____ DATA SEGMENT

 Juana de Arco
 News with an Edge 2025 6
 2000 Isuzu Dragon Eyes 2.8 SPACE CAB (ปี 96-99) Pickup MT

________

ACTION ITEM:
An exact, complete copy of the data is the only acceptable answer.

SOLUTION:
 Juana de Arco
 News with an Edge 2025 6
 2000 Isuzu Dragon Eyes 2.8 SPACE CAB (ปี 96-99) Pickup MT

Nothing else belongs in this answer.